Fatta la frittata, resta però ignoto il cuoco. Ci si accusa, a vicenda, tra rappresentanti di partiti. Poi si insinua che l’emendamento è stato inserito dal Ministero dell’economia. Il Ministero ― occorre dire in forma assai fumosa e vaga ― però smentisce un suo coinvolgimento. Questo pasticcio irrita il Presidente del Consiglio Mario Draghi. Senza mezzi termini, fa notare di ritenere inopportuna la cancellazione del tetto mentre ci sono famiglie che faticano ad arrivare a fine mese a causa della crisi e imprese che, strozzate dal caro bollette, rischiano di chiudere, con gravissime ripercussioni sull’occupazione.

A questo punto, cerchiamo di tirare le fila sulla vicenda. Qualcuno, e in una sede assolutamente impropria, cerca di far passare una norma per favorire alcune categorie di soggetti. Il comico genovese Gilberto Govi ― che usava abitualmente l’espressione (ovviamente in dialetto genovese) per commentare azioni di soggetti presenti nelle sue commedie ― avrebbe concluso: “Perché avrà avuto la sua convenienza”. Poiché nella Commissione del Senato, dov’è avvenuto il fattaccio, sono presenti tutti i partiti, e l’emendamento è stato votato all’unanimità, si potrebbe concludere che tutti avevano la loro convenienza. Diversamente, si dovrebbe pensare che si vota un provvedimento di legge ― e il decreto aiuti bis era di particolare delicatezza ― senza averlo letto a fondo.

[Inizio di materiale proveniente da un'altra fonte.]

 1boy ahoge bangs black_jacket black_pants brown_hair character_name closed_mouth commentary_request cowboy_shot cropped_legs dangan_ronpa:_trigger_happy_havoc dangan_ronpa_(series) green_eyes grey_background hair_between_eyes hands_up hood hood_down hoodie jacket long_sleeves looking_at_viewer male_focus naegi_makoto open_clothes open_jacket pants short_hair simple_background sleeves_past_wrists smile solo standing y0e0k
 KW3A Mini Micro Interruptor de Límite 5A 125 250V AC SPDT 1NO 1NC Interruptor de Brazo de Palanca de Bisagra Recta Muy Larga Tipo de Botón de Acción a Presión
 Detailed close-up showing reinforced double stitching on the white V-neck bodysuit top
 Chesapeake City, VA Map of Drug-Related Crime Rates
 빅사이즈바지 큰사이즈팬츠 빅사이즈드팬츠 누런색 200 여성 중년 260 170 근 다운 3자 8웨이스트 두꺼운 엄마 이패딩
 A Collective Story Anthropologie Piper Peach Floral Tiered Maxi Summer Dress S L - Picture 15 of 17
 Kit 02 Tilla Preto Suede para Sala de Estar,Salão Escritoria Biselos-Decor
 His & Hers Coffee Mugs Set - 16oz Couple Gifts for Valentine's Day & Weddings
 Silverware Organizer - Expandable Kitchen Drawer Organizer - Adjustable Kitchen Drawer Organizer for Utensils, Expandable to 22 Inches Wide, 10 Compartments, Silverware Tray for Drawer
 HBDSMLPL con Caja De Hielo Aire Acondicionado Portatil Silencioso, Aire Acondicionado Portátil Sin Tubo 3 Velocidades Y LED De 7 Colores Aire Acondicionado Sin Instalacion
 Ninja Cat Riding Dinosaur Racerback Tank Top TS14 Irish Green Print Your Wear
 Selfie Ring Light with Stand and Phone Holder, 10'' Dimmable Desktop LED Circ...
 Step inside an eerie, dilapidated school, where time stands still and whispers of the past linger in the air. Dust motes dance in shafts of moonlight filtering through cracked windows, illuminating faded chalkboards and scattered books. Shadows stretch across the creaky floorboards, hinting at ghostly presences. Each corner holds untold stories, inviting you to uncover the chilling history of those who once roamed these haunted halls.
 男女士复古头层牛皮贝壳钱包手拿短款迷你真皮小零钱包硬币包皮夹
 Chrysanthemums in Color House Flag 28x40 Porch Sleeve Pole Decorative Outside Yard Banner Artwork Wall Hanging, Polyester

Andando avanti, troviamo funzionari e dirigenti dei ministeri che danno il benestare finale sulle leggi. Poiché la norma ― vistosamente fuori luogo ― avrebbe potuto riguardare anche alcuni di loro, non è che maliziosamente si potrebbe pensare che anche loro avevano la loro convenienza? Diversamente, dovendo avallare i provvedimenti che provengono dai politici, dovrebbero essere loro i primi a visionarli attentamente segnalando le incongruenze alla dirigenza politica: Ministri e Presidente del Consiglio. Ecco perché, alla fine, anche i componenti dell’organismo parlamentare, per esprimere un voto consapevole, dovrebbero leggere e approfondire ogni provvedimento prima di votarlo pensando che le conseguenze ricadono poi sui cittadini.

Se teniamo presenti tutti questi passaggi, forse i cuochi della frittata diventano molti.

Ora, per volontà del Presidente del Consiglio Mario Draghi, si è corsi ai ripari. La norma introdotta nel decreto aiuti bis ― magari con una forte delusione da parte di che sperava di avere il beneficio ― sarà cancellata, e tornerà il tetto retributivo dei 240 mila euro annui. Ciò non toglie che i comportamenti tenuti da molti, politici e non, per abolire il tetto meritino un solo e generale giudizio: Vergogna!.